As the end of the semester comes to a close, I can't help but picture what my life will be like when I'm not cramming in studying, homework, and a social life day in and day out. The sound of ocean waves instead of alarm clocks will soon be my reality in just a few weeks, making it hard to focus on finals and all of the last-minute packing I have to do. There are so many reasons why summer can't come soon enough, but I have narrowed them down to just a few.
Below are seven reasons why I'm bursting at the seams to travel the six hours home and leave Tallahassee behind.
1. I will be reunited with friends that went to different schools.
I made amazing friends in high school that impacted me in more ways than I can count, so watching them move to different cities and states was bittersweet. I was excited about their new lives but also sad that I would not be able to see them as much anymore. Summer will be a time where I will be reunited with the people who make me the happiest and who truly embody what it means to be best friends.
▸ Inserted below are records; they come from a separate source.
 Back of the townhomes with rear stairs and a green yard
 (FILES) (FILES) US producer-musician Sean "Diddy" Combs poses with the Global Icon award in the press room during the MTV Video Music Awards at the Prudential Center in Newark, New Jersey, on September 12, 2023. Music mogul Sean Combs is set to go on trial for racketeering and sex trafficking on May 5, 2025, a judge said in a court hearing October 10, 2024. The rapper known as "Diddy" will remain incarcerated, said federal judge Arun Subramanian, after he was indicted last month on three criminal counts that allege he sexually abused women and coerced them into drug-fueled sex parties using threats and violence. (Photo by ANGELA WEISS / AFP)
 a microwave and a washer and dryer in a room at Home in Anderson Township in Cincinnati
2. I will no longer have to walk five miles in the scorching heat to my classes.
I got very unlucky in that I was placed in a dorm that is located on the opposite side of campus where all of my classes and sorority so happen to be. I love walking, but when it's 100º and I'm carrying a heavy backpack, all I want to do is rip my clothes off and jump into a fountain. During summer, I will be reunited with my Jeep that will take me wherever I need to go, free of the back pain and the sweaty clothes.
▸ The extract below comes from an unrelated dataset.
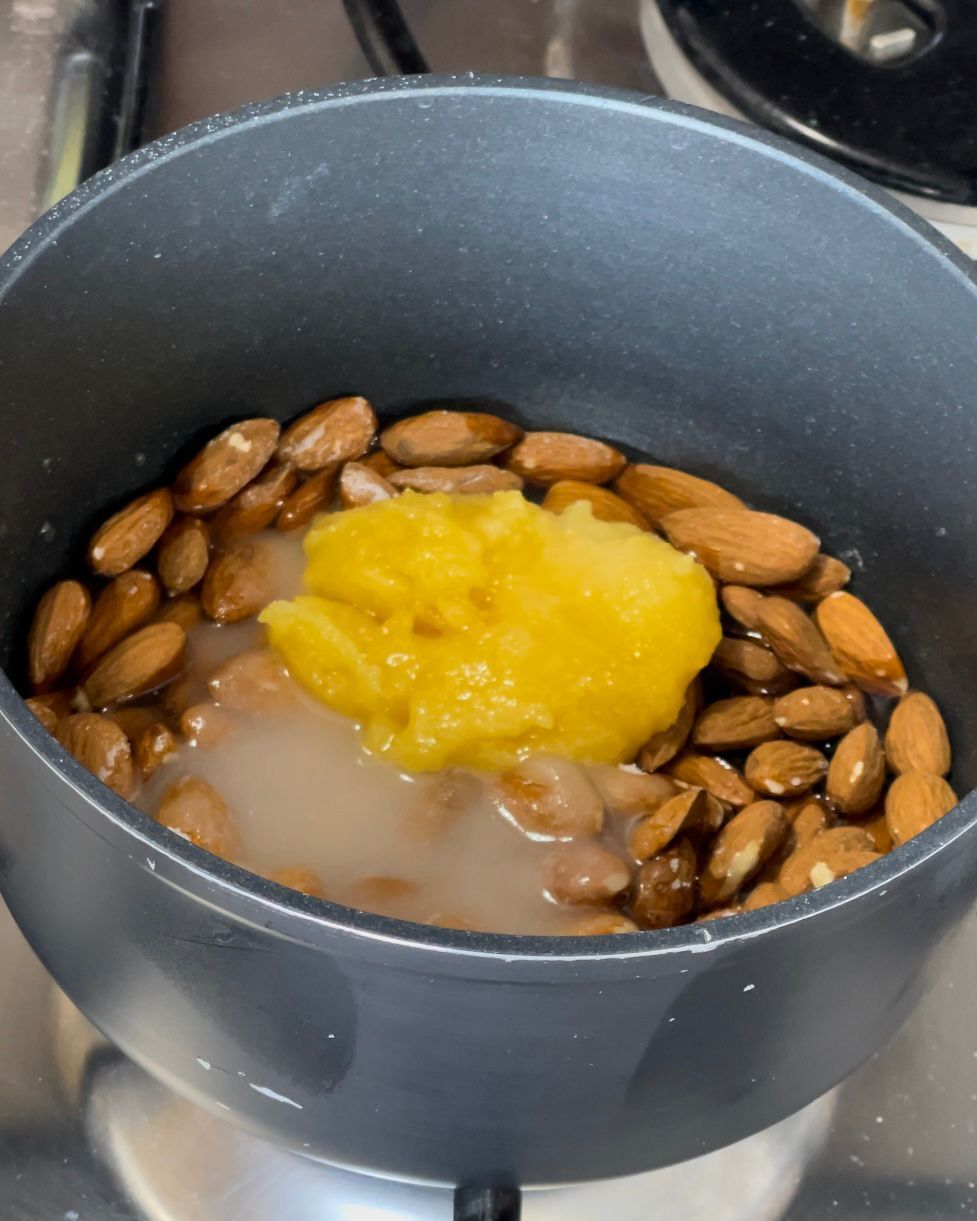 Una pentola piena di mandorle e un liquido giallo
Home-cooked meals will replace the bland and unhealthy food options in the dining halls.
I have been blessed with a mom who knows how to cook. Her meals make me feel warm and loved every single day. I never knew how much I would miss them until I ate my first meal inside FSU's dining halls. Don't get me wrong, the food is much better than what I thought it would be, but it's still not something I would voluntarily eat every day. I can't wait until I can sit down at my kitchen table and actually enjoy the meals placed in front of me–free of guilt and disappointment.
I will have my own space once again.
If you know me, then you know I love my space; I love having the liberty of retreating to my bedroom, closing the door, and engulfing myself in my fluffy comforter. However, living in a dorm and having to share a cramped room with another person has truly made me appreciate having my own room and the freedom to do whatever I wanted inside of it.
I won't have to force myself to go clubbing with my friends anymore.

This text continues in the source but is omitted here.